Experts say variable pricing can help California’s energy woes

By Andrew Bridges Associated Press Writer
Monday March 05, 2001

LOS ANGELES – California could make enormous strides in conserving energy if the state’s electricity was priced like most other commodities, efficiency experts say. 

Most consumers are charged the same price for power throughout the year, regardless of wild fluctuations in generation and transmission costs. 

Advocates favor real-time pricing that would vary the price from day to day. High prices, they argue, could encourage large industrial and commercial users to cut back when electricity is in shortest supply. Energy-intensive activities — whether making microchips or smelting ore — would be shifted to off-peak hours when prices are lower. 
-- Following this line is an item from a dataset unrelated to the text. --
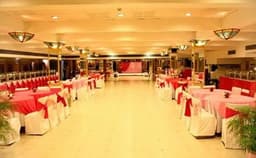 Forte Grande Photo Forte Grande Photo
“Right now, absent real-time prices, the system is at best archaic, at worst hypocritical,” said Arthur Rosenfeld, a member of the California Energy Commission, which helps set state energy policy. “We ask people to conserve, but we don’t reward them when we need them to conserve.” 

“In my view, prices have only one function: to convey to the consumer the scarcity of that commodity,” said Ahmad Faruqui, area manager for retail and power markets for EPRI, a Palo Alto, Calif., nonprofit research and development group that studies the utility industry. 

Real-time pricing might have prevented rolling blackouts that hit the state in January. 

“Two hundred megawatts was the deficit during one blackout,” Faruqui said. “It would have easily compensated for it.” 

Real-time pricing is already common in the airline industry, where ticket prices invariably soar as the day of a flight approaches and seats fill up. 

Last year, the Seattle Mariners experimented with a similar system for baseball tickets. 

Among utilities, the Georgia Power Co. runs the nation’s largest real-time pricing program. It issues price bulletins on both an hour- and day-ahead basis for more than 1,600 large consumers, including factories, churches and grocery stores. 

An insulation factory shifted production to Wednesday through Sunday to take advantage of cheap weekend power, said Michael O’Sheasy, manager of product design for the Georgia utility. 

“It’s amazing how ingenious people become when it affects their bottom line,” O’Sheasy said. 

During the summer, when the Georgia heat sparks increased use of air conditioning, the program can reduce the amount of power the utility must generate by 800 megawatts, or about 5 percent. 

Although not a large number, it’s worth as much as $1 million per hour in savings, because power is typically most expensive to generate at times of peak demand, O’Sheasy said. The cost would otherwise be passed on to consumers. 

Other utilities, such as Puget Sound Energy, are beginning to include detailed information in customers’ bills about their power use and the wholesale price of that electricity at the time it was used. 

Anecdotal evidence suggests the information has helped reduce demand by as much as 5 percent, Gary Swofford, the utility’s vice president and chief operating officer, told a San Diego energy conference last month. 

Pacific Gas & Electric Co. began experimenting with real-time pricing in the 1980s. From 1996 to 1998, the utility ran a pilot program at the San Francisco Marriott. It incorporated electricity price information in coordinating the hotel’s heating and cooling system. 

“We figured conservatively we could probably save them 10 percent to 15 percent with a rate-driven system,” said Steve Blanc, a senior research associate at the utility. 

The California Energy Commission will begin a larger experiment this summer.  

The $10 million project will equip buildings around the state with systems to automatically curtail power use by 50 megawatts at times of peak demand.